Complete the process-media
and pre-install-check
IUF phases if you are performing this procedure during initial installation or upgrade.
Designate a UAN to operate as the K3s control-plane node. See Designating Application Nodes for K3s.
Identify a pool of IP addresses for the services running in K3s.
Note: The identification of a pool of IP addresses for the services running in K3s is best made at system installation time in order to avoid the possibility of IP collisions. If this is not possible, steps must be taken to ensure IP collisions are avoided.
This address pool must be routable from the UAN control-plane. It is suggested to split the [CAN|CHN] Dynamic MetalLB
subnet into two subnets, [CAN|CHN] Dynamic MetalLB
and [CAN|CHN] Dynamic MetalLB K3s
, the latter being used for K3s services. Subnet definitions are initially uploaded to SLS at installation time by CSI. If the [CAN|CHN] Dynamic MetalLB
subnet is split after initial installation, steps must be taken to ensure that IPs in the newly created [CAN|CHN] Dynamic MetalLB K3s
subnet are not in use and the MetalLB Controller
pod in CSM must be restarted. Alternatively, the starting and ending IPs for K3s may be defined directly in vars/uan_helm.yml
. These steps are described below.
Here is an example of splitting the existing [CAN|CHN] Dynamic MetalLB
subnet. By default, the subnet with the FullName
attribute of [CAN|CHN] Dynamic MetalLB K3s
will be used for K3s, depending on whether CAN
or CHN
is being used for the customer access network. This default FullName
may be overridden by setting the sls_can_metallb_fullname
variable in CFS to the expected name.
Important: Before splitting [CAN|CHN] Dynamic MetalLB
, be sure to verify none of the IP Addresses in the new [CAN|CHN] Dynamic MetalLB K3s
subnet are being used. The ims
and user
namespaces are the most likely to contain these IPs.
kubectl get services -n ims
kubectl get services -n user
kubectl get services -A
Edit SLS to make the following changes in the CAN or CHN network allocations:
### Existing [CAN|CHN] Dynamic MetalLB Subnet in SLS
### Split this as shown below into two subnets
"CIDR": "x.x.x.192/26",
"FullName": "CAN Dynamic MetalLB",
"Gateway": "x.x.x.193",
"MetalLBPoolName": "customer-access",
"Name": "can_metallb_address_pool",
"VlanID": 6,
### New [CAN|CHN] Dynamic MetalLB Subnet
"CIDR": "x.x.x.192/27",
"FullName": "CAN Dynamic MetalLB",
"Gateway": "x.x.x.193",
"MetalLBPoolName": "customer-access",
"Name": "can_metallb_address_pool",
"VlanID": 6,
### New [CAN|CHN] Dynamic MetalLB K3s
"CIDR": "x.x.x.224/27",
"FullName": "CAN Dynamic MetalLB K3s",
"Gateway": "x.x.x.225",
"MetalLBPoolName": "customer-access-k3s",
"Name": "can_metallb_k3s_address_pool",
"VlanID": 6,
Reallocate the CSM MetalLB pool customer-access
from CSM to reflect the SLS changes above.
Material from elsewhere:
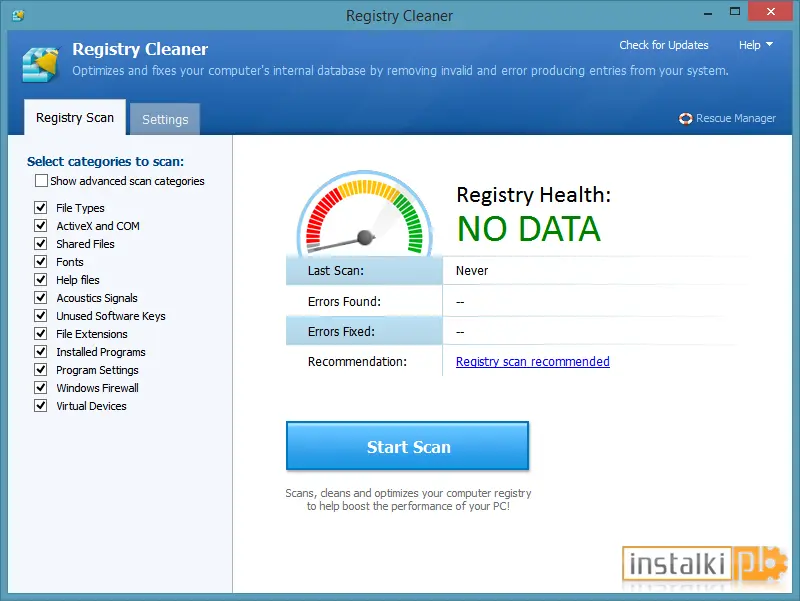 Okladka Registry Cleaner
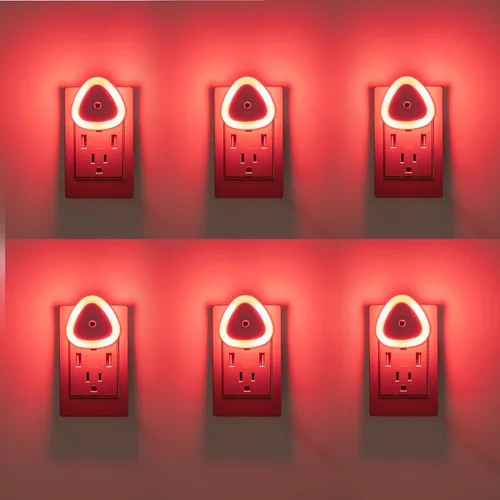 Vista 8 de KINUR Lámpara de Luz Nocturna LED con Sensor Inteligente de Atardecer a Amanecer, Luz Nocturna Ámbar Naranja de 0.5W que se Enchufa a la Pared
To shrink the customer-access
pool in CSM, edit the configmap and pick the new CIDR block for the [CAN|CHN] Dynamic MetalLB
subnet in SLS. In this example the CIDR block was x.x.x.193/26
and is now x.x.x.193/27
:
# kubectl edit -n metallb-system cm/metallb
...
data:
config: |
address-pools:
- addresses:
- x.x.x.193/27
name: customer-access
protocol: bgp
...
To complete migrating the IP Address range out of CSM, restart the MetalLB Controller
pod in CSM.
kubectl delete pod -n metallb-system -l app.kubernetes.io/component=controller
Here’s an example of defining the MetalLB IP pool range directly in vars/uan_helm.yml
.
metallb_ipaddresspool_range_start: "<start-of-range>"
metallb_ipaddresspool_range_end: "<end-of-range>"
By default, these arguments are commented out or omitted. MetalLB will be able to start, but the Custom Resource Definition for IPAddressPool and L2AdvertisementAddress will not be created and no Load Balancer IP address will be allocated.
This pool will allow for external LoadBalancer
IP address to be assigned to services like HAProxy
. Initially, these IP addresses will serve as the SSH ingress for instances of HAProxy
.
Configure and create the /etc/subuid
and /etc/subgid
files.
To allow for users to run rootless Podman containers, these files must be present and configured with an entry for each user. These files must be uploaded to the user
S3 bucket:
$ cray artifacts list user --format json
{
"artifacts": [
{
"Key": "subuid",
"LastModified": "2023-02-21T23:41:43.948000+00:00",
"ETag": "\"c543aebb9b40bcf48879885734447090\",
"Size": 145686,
"StorageClass": "STANDARD",
"Owner": {
"DisplayName": "User Service User",
"ID": "USER"
}
},
{
"Key": "subgid",
"LastModified": "2023-02-21T23:41:43.948000+00:00",
"ETag": "\"73032ede132e44d2c1bc567246901737\",
"Size": 145686,
"StorageClass": "STANDARD",
"Owner": {
"DisplayName": "User Service User",
"ID": "USER"
}
}
]
}
Place a Podman container image suitable for users within a container image registry accessible from the UAN.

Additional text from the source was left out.